**REQUIREMENT**
Starting at the line that contains "living area with" and stopping after the line that contains "Pillowed natural stone", transcribe the listing below exactly; do not include any pictures.

**DATA FOR THIS TASK**

/---

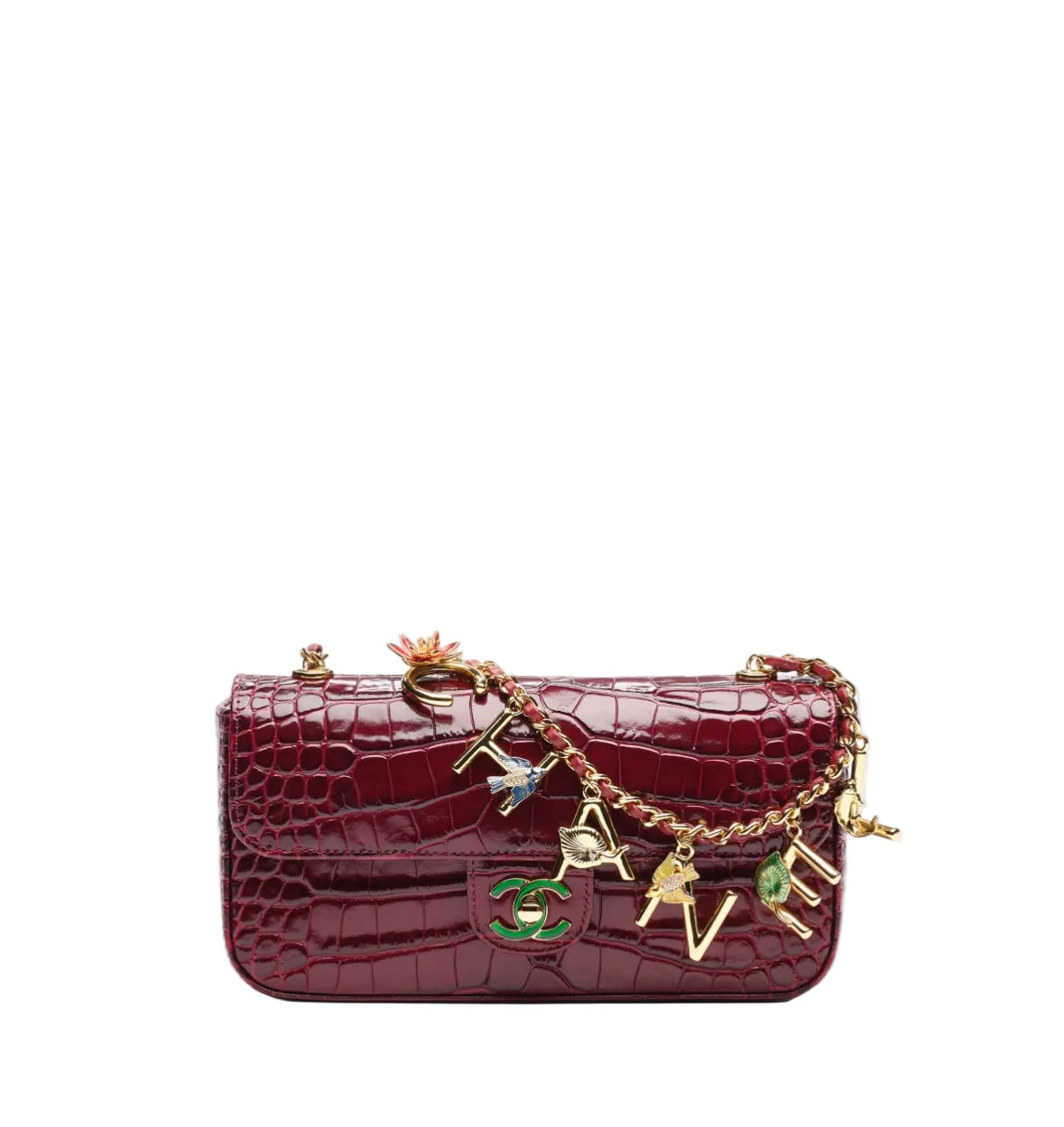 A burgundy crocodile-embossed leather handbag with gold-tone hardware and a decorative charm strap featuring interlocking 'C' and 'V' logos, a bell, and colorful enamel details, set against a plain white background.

\---
/---

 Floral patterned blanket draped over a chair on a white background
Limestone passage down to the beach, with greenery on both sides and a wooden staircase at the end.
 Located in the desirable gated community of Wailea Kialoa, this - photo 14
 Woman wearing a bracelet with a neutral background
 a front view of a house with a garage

\---
/---

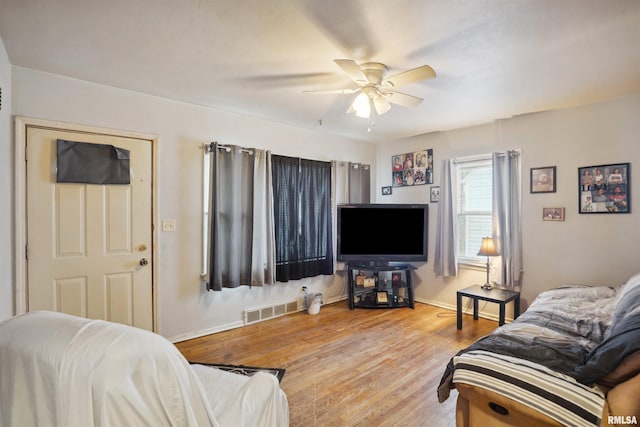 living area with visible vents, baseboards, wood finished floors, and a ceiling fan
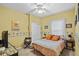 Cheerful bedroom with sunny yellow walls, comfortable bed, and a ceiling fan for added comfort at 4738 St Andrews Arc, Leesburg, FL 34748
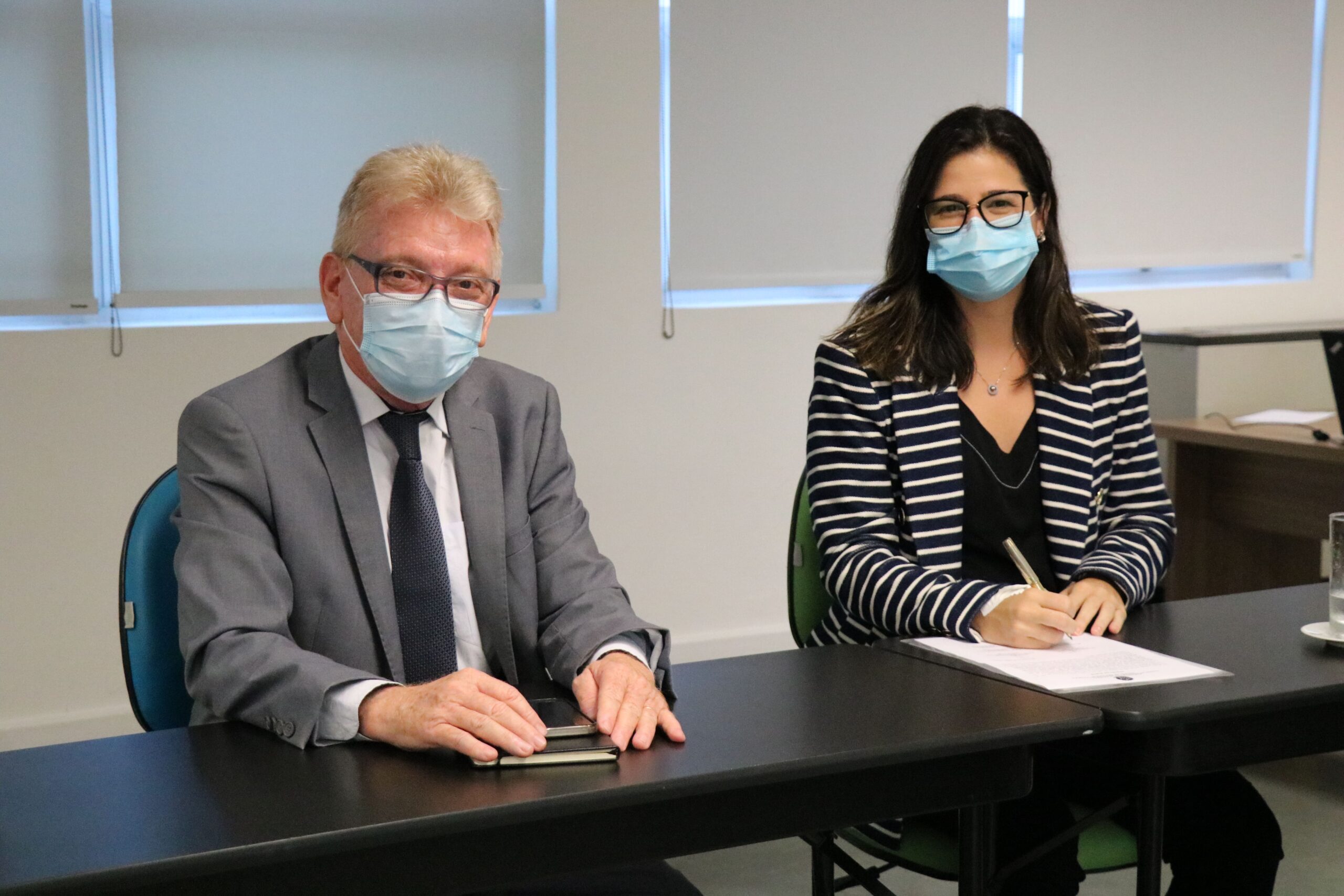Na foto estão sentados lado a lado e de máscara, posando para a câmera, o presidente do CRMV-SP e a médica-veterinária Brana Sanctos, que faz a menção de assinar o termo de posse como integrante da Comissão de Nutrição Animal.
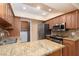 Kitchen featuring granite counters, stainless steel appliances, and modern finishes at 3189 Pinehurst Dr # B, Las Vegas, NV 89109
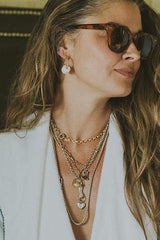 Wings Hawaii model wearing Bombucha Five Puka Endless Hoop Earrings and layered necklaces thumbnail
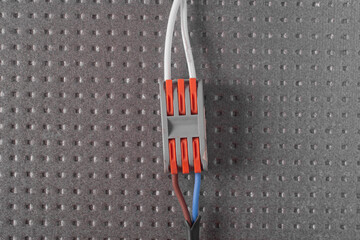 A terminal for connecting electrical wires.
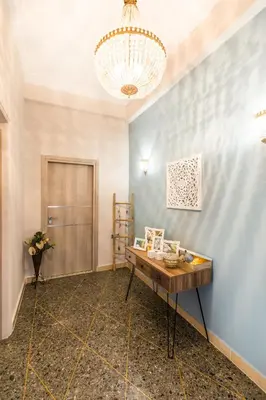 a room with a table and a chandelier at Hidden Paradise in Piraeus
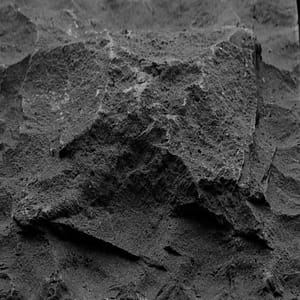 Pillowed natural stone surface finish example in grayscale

\---

**RESPONSE**
 living area with visible vents, baseboards, wood finished floors, and a ceiling fan
 Cheerful bedroom with sunny yellow walls, comfortable bed, and a ceiling fan for added comfort at 4738 St Andrews Arc, Leesburg, FL 34748
Na foto estão sentados lado a lado e de máscara, posando para a câmera, o presidente do CRMV-SP e a médica-veterinária Brana Sanctos, que faz a menção de assinar o termo de posse como integrante da Comissão de Nutrição Animal.
 Kitchen featuring granite counters, stainless steel appliances, and modern finishes at 3189 Pinehurst Dr # B, Las Vegas, NV 89109
 Wings Hawaii model wearing Bombucha Five Puka Endless Hoop Earrings and layered necklaces thumbnail
 A terminal for connecting electrical wires.
 a room with a table and a chandelier at Hidden Paradise in Piraeus
 Pillowed natural stone surface finish example in grayscale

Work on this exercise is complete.